Appendix  A



Consultation on an inquiry into the consideration of powers of the Public Services Ombudsman for Wales - Response from Wrexham County Borough Council.


This response is a supplementary response to that of the WLGA, which Wrexham County Borough Council has contributed to and fully supports.


Consultation Questions


1. What are your views on the effectiveness of the current Public Services Ombudsman (Wales) Act 2005?


Own initiative investigations


2. Currently, the Ombudsman may only investigate a matter that is the subject of a complaint made to him/her. What are your views on ‘own initiative’ investigations powers, which would enable the Ombudsman to initiate his/her own investigations without having first received a complaint about an issue. Please explain your answer.


Wrexham County Borough Council (WCBC) remains unclear as to what action or incident could cause the Ombudsman to begin an investigation if this were not prompted by a complaint.


We believe that if this were to be implemented, the Ombudsman should have strict timescales to adhere to, as Local Authorities have in managing complaints. This would reduce the work pressures on the relevant departments and provide clarity for all parties on the length of the process.


3. Do you have any concerns that own-initiative investigation powers could result in the Ombudsman’s responsibilities overlapping with the responsibilities of other bodies?  How could this be managed?

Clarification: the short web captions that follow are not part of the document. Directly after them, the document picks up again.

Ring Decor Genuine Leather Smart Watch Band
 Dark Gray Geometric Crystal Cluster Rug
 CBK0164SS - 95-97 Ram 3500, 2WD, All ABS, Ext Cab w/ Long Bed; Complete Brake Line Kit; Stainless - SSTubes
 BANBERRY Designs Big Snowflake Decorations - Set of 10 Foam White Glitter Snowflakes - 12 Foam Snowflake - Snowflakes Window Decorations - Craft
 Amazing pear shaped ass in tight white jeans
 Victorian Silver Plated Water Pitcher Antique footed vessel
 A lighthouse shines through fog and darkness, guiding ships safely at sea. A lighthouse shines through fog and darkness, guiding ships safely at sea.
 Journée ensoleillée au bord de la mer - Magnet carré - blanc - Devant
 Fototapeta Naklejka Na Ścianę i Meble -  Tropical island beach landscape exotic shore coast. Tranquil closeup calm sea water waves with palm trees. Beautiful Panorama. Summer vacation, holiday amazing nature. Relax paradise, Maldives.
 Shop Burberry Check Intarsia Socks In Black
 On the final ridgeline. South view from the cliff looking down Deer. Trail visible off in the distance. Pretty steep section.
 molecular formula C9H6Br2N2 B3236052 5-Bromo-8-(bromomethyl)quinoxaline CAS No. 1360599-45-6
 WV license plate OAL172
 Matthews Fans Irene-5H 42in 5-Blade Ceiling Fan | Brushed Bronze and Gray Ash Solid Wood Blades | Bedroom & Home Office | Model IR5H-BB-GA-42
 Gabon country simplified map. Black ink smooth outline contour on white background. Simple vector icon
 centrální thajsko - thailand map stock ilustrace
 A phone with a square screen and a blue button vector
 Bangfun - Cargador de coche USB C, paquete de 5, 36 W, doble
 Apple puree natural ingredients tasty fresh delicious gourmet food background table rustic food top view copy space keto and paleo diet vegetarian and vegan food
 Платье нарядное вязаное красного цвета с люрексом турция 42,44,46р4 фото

WCBC shares the concerns of the WLGA and Welsh Government regarding the potential duplication of inspections by other bodies.


There is also a potential for misuse by those who may wish to particular actions of the council to be scrutinised for their own agenda and therefore use the Ombudsman to do this.


Would the Ombudsman still be viewed as an impartial body for complaints by the public if it was regularly involved with non-complaint investigations with Local Authorities?

4. Do you have a view on the likely financial costs and benefits of the Ombudsman having own-initiative powers?


The primary concerns would be for the resources required to support the Ombudsman in undertaking any investigation. As stated above, the timescales and procedures for any investigation would need to be clearly defined to ensure the Council can comply with this and support any staff that may be central to the investigation.


Oral Complaints


5. At present, the Ombudsman can only accept complaints in writing. What are your views on the Ombudsman being able to accept complaints made orally? Please explain your answer.


WCBC accepts complaints made in any form the customer wishes to. This ensures we do not discriminate against those who do not have the capacity to put things in writing. However, where this is the case, we ensure that the method we have used for recording the complaint is agreed by the complainant (e.g. if complaint made verbally, the notes would be written up by an officer and the accuracy of these notes confirmed by the complainant.)


6. What other type/form of submission should be acceptable (e.g. email, website form, text messages)

As above

7. Do you have a view on the financial costs and benefits of this provision?


There is no additional cost to meeting a complainant other than officer time. However the council would not refuse a meeting where there is merit.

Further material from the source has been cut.